言葉の力---亀井久興議員の演説
---ですから、私は、やはり需要をふやしていく、そしてGDPを大きくして、国民所得をふやして、一人当たり国民所得をふやし、可処分所得をふやして、その個人消費の旺盛な力によって景気回復をさせるというのが本筋だというように思うんです---
亀井久興議員(国民新党) 平成19年10月10日衆議院予算委員会での質疑より
この方の演説を衆議院TVのビデオライブラリで聞いて驚きました。これほど力のある言葉を発することのできる国会議員さんが、いまの日本におられるとは。
決して声を荒げたりされることなく、淡々とお話になるのですが、その言葉には力があります。問題の本質を実に平易な言葉で話されます。お時間のあるときにぜひ一度聞いてみて下さい。
福田総理をして「亀井先生のお話を伺って、ついつい引き込まれるような、そういう思いをいたしております」と言わしめた、その質疑(後半部はほとんど演説でした)から、最後の数分間を以下に紹介したいと思います(衆議院TVをもとに、国会会議録にWSが少しだけ手を加えました)。
***ここから引用***
その点もまたいずれ追及をしたいと思いますけれども、それはともかくとして、今何か着実に景気が回復してきているかのようなことをしきりに政府は言いますけれども、私は決して景気が本格的に回復しているとは思わない。一九九八年以降始まったデフレがいまだに解消していない。
私は竹中大臣にあのとき随分、その、いろんなことを申し上げたけれども、需給ギャップが解消されない限り景気はよくなりませんよ、とにかく需要が決定的に不足しているわけですから需要をふやす政策をとらなくちゃいけない、特に内需拡大を図る政策をとらなければ絶対に景気は回復しませんということを言った。ところが、緊縮財政、緊縮財政ということで、それでしかも国債発行は三十兆円に抑えると言われたけれども、そんなものできるわけないですよ、必ず国債増発になりますよと申し上げた。
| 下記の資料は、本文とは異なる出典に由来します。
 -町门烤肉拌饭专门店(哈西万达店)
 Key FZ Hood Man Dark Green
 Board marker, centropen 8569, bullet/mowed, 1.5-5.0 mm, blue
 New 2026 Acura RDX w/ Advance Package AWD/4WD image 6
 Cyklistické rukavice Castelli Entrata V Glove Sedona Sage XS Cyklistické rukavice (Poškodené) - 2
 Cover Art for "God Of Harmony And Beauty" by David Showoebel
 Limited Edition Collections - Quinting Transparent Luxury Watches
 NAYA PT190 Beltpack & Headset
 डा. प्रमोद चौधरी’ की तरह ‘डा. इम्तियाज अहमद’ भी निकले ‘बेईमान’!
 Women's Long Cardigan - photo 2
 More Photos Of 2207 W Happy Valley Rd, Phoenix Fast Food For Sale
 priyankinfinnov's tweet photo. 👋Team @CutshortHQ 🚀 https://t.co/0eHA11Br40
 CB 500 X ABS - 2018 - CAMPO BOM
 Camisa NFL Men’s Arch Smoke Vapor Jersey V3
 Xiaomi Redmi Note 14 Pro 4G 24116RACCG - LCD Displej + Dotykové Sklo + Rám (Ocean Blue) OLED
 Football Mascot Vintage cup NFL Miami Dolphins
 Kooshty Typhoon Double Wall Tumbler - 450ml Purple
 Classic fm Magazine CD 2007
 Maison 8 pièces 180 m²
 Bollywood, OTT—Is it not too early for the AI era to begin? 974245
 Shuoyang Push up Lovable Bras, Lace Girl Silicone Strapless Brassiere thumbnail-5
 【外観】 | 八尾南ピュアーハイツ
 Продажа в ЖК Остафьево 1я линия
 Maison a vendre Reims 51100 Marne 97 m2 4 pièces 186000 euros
確かにあのときは補正を組んで、五兆円も増発をしたわけで、小泉内閣を通じて二百兆の国債増発をやってしまったわけですから、これは、財政再建をやろうとした結果として、かえって財政の負担がふえてしまったという結果だと思います。ですから、私は、やはり需要をふやしていく、そしてGDPを大きくして、国民所得をふやして、一人当たり国民所得をふやし、可処分所得をふやして、その個人消費の旺盛な力によって景気回復をさせるというのが本筋だというように思うんですね。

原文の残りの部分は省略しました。